J.I: Yo comencé a dictar clase en la Tadeo, en el año 1994, cuando el departamento estaba conformado por Eduardo Pradilla, Juan Feranado Herrán y Lina Espinoza. Allí dirigí un taller de pintura. Luego, me pasé a Los Andes para trabajar en el Área de Proyectos Culturales, y la primera clase que dicté se llamó, precisamente, Proyectos Culturales. Luego dicté Artista y Ciudad, Pensar el Museo y Vivir del Arte.

 

H.J: ¿Cree usted que se puede enseñar a ser artista?        

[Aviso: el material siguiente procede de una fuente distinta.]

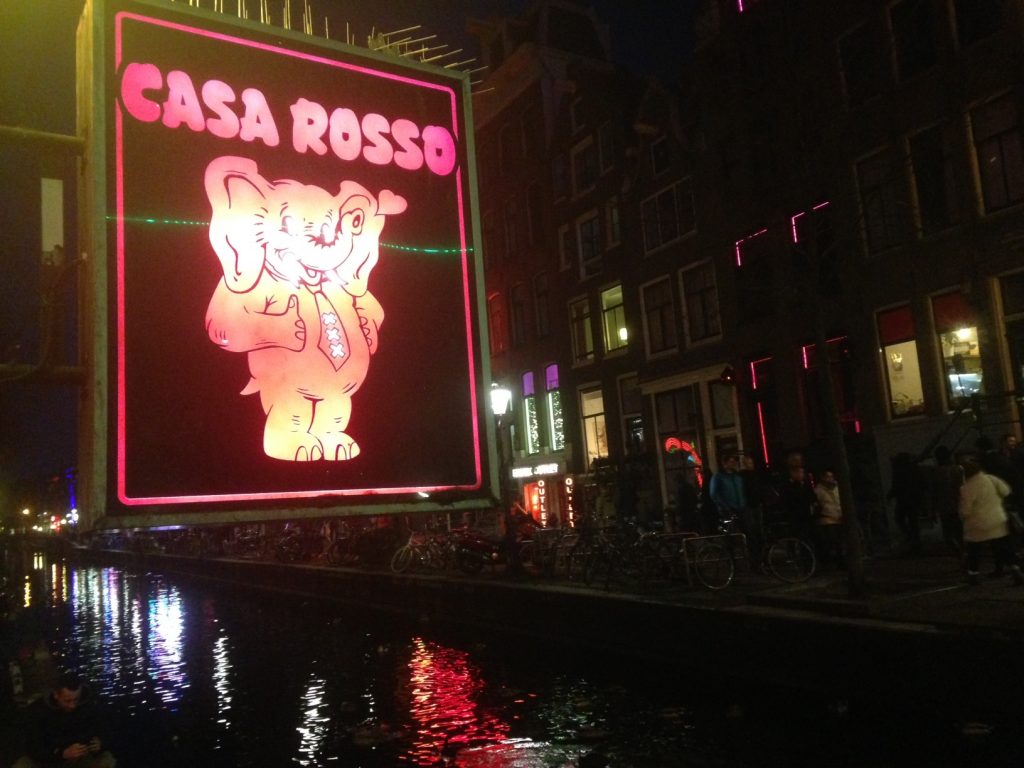Секс-театр Casa Rosso в квартале красных фонарей в Амстердаме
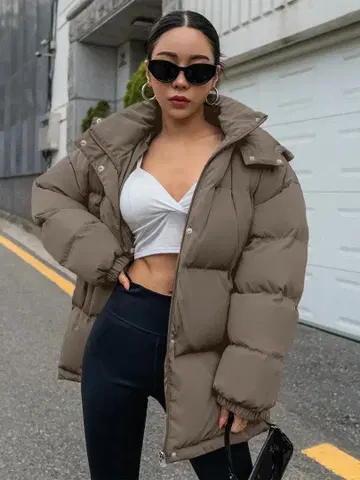 후드 부착 브라운 다운 자켓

J.I: No, para nada. Uno al estudiante le puede dar, a lo sumo, herramientas técnicas y conceptuales. Hoy en día se piensa que las escuelas de arte, más que enseñar arte, enseñan a sobrevivir en un sistema de discursos. Pero ser artista, es una decisión personal muy profunda. Por eso, mucha gente que se gradúa como artista, y que puede tener un nivel discursivo muy alto, no aguanta dos o tres años. En mis clases, también me interesa que el estudiante reconozca y conserve su voz propia. A los que están en primer semestre les digo: “Ustedes ya tienen una voz propia; pero dentro de tres o cuatro semestres van a estar inundados de referencias, de lugares, de nombres y maneras de otros artistas. Por eso es importante que reconozcan ya mismo su propia voz, para que sea el núcleo a partir del cual se organice todo lo demás; o si no, van a acabar sepultados en un mar discursivo”.